The task. Find "2 Bedroom Semi-Detached" in the data below; transcribe the line it appears on and each line after it, exactly, to the end, and nothing else.

Available data Start Marker

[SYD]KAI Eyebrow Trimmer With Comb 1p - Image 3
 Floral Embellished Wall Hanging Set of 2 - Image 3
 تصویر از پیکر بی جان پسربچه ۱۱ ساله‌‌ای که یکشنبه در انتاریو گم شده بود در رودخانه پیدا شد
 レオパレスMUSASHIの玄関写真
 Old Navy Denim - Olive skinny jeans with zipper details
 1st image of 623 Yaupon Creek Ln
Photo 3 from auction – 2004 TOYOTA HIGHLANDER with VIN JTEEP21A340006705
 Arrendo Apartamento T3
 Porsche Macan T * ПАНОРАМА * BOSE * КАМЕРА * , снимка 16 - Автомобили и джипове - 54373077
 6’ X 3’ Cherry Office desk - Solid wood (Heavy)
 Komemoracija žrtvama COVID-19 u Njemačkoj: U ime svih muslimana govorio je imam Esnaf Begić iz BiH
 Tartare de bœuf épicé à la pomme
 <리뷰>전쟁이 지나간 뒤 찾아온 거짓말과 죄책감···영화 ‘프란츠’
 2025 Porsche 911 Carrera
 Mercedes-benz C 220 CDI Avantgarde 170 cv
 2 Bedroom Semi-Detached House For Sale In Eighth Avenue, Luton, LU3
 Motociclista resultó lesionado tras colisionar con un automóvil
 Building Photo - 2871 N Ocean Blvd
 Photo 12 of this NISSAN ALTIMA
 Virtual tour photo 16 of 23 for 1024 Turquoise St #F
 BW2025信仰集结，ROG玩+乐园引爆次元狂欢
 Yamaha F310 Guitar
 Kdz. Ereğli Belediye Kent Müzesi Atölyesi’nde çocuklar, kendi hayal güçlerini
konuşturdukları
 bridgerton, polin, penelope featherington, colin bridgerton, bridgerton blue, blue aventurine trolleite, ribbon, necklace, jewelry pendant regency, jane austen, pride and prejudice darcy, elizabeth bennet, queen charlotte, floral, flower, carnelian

Available data End Marker

Expected answer.
 2 Bedroom Semi-Detached House For Sale In Eighth Avenue, Luton, LU3
 Motociclista resultó lesionado tras colisionar con un automóvil
 Building Photo - 2871 N Ocean Blvd
 Photo 12 of this NISSAN ALTIMA
 Virtual tour photo 16 of 23 for 1024 Turquoise St #F
 BW2025信仰集结，ROG玩+乐园引爆次元狂欢
 Yamaha F310 Guitar
 Kdz. Ereğli Belediye Kent Müzesi Atölyesi’nde çocuklar, kendi hayal güçlerini
konuşturdukları
 bridgerton, polin, penelope featherington, colin bridgerton, bridgerton blue, blue aventurine trolleite, ribbon, necklace, jewelry pendant regency, jane austen, pride and prejudice darcy, elizabeth bennet, queen charlotte, floral, flower, carnelian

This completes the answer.